Topic 1: The changing models of atomic structure

This topic will highlight the changing models of atomic structure and how sequence of experiments, observations, analysis and conclusions led to the modern day model of atom. The content of the article will be restricted to AS/A-level students.

Democritus model of atom ~ 400 BC

Fig. 1. The Democritus concept of atom. If you keep cutting a metal eventually a point is reached where cutting the metal any further would not be possible. The smallest unit of metal is known as atom.

The concept of atom evolved from the understanding of Greek philosopher Democritus. The understanding was merely a philosophical & theological reasoning rather than based on hard evidence. He understood matter as being made up of tiny particles that were indivisible and called such particles atoms. In his view, there were many different types of atoms, which differ in shapes, sizes and nature of connectivities between them. For example, iron was made up of solid atoms with hooks locking atoms to each other, salt was made up of pointed and sharp atoms because of their taste and the atoms present in air were thought to be lightweight and swirling around in space.

John Dalton’s atom ~1800

Fig. 2. John Dalton used his own symbols to represent atoms and also developed the first table of atomic masses in New system of Chemical Philosophy (1808).
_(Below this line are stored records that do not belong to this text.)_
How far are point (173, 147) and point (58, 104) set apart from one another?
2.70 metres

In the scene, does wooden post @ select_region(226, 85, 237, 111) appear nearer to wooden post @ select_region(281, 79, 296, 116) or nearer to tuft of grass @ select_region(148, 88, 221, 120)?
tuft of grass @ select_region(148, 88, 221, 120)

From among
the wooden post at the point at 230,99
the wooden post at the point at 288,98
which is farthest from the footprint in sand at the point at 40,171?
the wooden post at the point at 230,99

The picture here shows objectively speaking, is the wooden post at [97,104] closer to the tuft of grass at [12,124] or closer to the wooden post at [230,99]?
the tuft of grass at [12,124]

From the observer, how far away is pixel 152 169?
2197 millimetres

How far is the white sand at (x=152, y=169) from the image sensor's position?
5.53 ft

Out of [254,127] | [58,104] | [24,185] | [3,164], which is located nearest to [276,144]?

John Dalton was the founder of the atomic theory. The main points of his atomic theory were:

1. Elements are made up of tiny particles called atoms.
2. Atoms cannot be divided, altered or destroyed by chemical means.
3. Atoms of an element are all the same in terms of shape and size and atoms of different elements differ in size and shape.
4. Elements are characterised by mass of their atoms so all the atoms of an element have identical weight. Different elements have atoms of different atomic weight.
5. Atoms of different elements can combine together to form chemical compounds.
6. When elements undergo chemical reactions, their atoms combine in simple, whole number ratios or more than one simple whole number ratios. Dalton noted that tin can combine with either one or two oxygen atoms which was in line with the percentages of masses observed for tin oxides. Similarly he used the same principle to explain that the different ratios of nitrogen to oxygen in various nitrogen oxides were simple multiples of each other.

However, John Dalton wrongly postulated that when atoms combine only in one ratio, it must be assumed to be binary (in two) one. He got formula of water as HO and ammonia as NH that were both incorrect as he got the atomic weights of oxygen and nitrogen incorrect. A lot of his own experimental evidence didn’t coincide with his theory of atomic structure and was at odds with the scientific community.
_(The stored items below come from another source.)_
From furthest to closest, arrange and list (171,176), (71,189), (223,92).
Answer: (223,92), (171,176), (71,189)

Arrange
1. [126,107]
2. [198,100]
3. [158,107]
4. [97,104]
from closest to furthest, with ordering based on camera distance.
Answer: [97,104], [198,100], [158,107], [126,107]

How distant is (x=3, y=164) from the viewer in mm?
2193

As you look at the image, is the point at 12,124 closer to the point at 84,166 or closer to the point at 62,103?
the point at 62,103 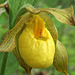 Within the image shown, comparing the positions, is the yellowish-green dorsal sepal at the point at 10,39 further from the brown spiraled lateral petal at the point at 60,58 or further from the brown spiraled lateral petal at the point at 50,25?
the brown spiraled lateral petal at the point at 60,58

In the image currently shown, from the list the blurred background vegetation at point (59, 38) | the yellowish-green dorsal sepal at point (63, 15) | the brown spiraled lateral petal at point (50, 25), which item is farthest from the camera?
the blurred background vegetation at point (59, 38)

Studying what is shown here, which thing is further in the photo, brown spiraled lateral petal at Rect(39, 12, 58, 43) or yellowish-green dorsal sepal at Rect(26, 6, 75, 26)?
brown spiraled lateral petal at Rect(39, 12, 58, 43)

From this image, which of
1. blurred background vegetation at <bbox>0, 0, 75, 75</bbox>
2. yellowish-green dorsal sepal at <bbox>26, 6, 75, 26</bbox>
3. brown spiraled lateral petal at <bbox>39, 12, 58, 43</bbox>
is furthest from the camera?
blurred background vegetation at <bbox>0, 0, 75, 75</bbox>

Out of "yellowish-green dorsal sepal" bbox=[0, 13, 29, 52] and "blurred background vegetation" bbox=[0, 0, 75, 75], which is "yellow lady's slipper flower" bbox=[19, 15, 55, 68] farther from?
"blurred background vegetation" bbox=[0, 0, 75, 75]

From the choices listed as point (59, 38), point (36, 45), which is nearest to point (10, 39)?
point (36, 45)

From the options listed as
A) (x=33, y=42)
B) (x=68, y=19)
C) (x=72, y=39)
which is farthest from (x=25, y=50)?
(x=72, y=39)

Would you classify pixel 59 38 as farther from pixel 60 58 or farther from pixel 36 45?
pixel 36 45

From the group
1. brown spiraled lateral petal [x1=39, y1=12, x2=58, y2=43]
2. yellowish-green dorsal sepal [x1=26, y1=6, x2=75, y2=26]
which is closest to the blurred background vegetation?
brown spiraled lateral petal [x1=39, y1=12, x2=58, y2=43]

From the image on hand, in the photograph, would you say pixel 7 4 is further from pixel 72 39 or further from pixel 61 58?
pixel 72 39

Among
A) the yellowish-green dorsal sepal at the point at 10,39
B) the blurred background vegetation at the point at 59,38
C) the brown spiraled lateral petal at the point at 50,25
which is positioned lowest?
the blurred background vegetation at the point at 59,38

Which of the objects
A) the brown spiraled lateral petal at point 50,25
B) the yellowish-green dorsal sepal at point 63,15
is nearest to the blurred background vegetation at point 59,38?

Joseph John Thompson’s model of atom ~ 1897

 Until 1897 atoms were thought to be the smallest possible division of matter. However, J.J. Thompson discovered ‘electron’ through series of experiments on cathode rays, which disproved the notion that atoms were indivisible as proposed by ancient Greeks and Dalton. This led to the discovery of sub-atomic particles, which are considered to be the fundamental units of the modern day atomic structure.
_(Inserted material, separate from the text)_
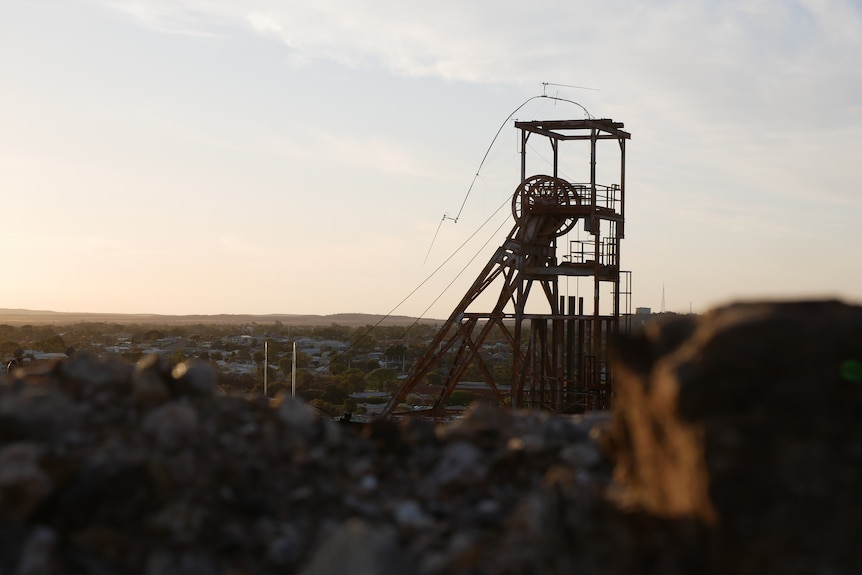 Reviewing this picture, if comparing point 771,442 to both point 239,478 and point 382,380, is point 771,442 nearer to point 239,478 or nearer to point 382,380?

Fig. 3. Design of cathode ray tube (CRT) used by J.J Thompson to discover the nature of cathode rays.

Before we look into how J.J. Thompson discovered electron, we need to understand how cathode ray tube works. A cathode ray tube (CRT) is a sealed glass container in which a cathode (negatively charged) and anode (positively charged) are separated by a vacuum as shown in fig. 3. When a voltage is applied across the electrodes, cathode rays are generated from the cathode and are attracted towards the anode. A small hole in the anode allows some electrons to pass through creating a beam of cathode rays producing a glowing patch when they strike the phosphorous-coated glass at the opposite end of the tube or register an electric current when the end is attached to an electrometer. Earlier physicists had discovered cathode rays as yet unknown entity that registered an electric charge on an electrometer. Scientists debated whether cathode rays were immaterial like light or particles of matter. Thompson carried out a series of experiments using cathode rays generated in CRT and was able to demonstrate the following properties of the cathode rays:

• Cathode rays were negatively charged particles. Thompson introduced metal plates on either side of the CRT to bend the cathode rays emerging from the hole present in the anode. He observed that cathode rays were deflected towards the positive electrode of the electric field indicating that cathode rays were negatively charged (Fig.4).

Fig. 4. The deflection of cathode rays by electric field.

• The particles were deflected by magnetic as well as electrical field.
• The mass of the particles was very, very small. The particles were about 2000 times lighter than the hydrogen ions.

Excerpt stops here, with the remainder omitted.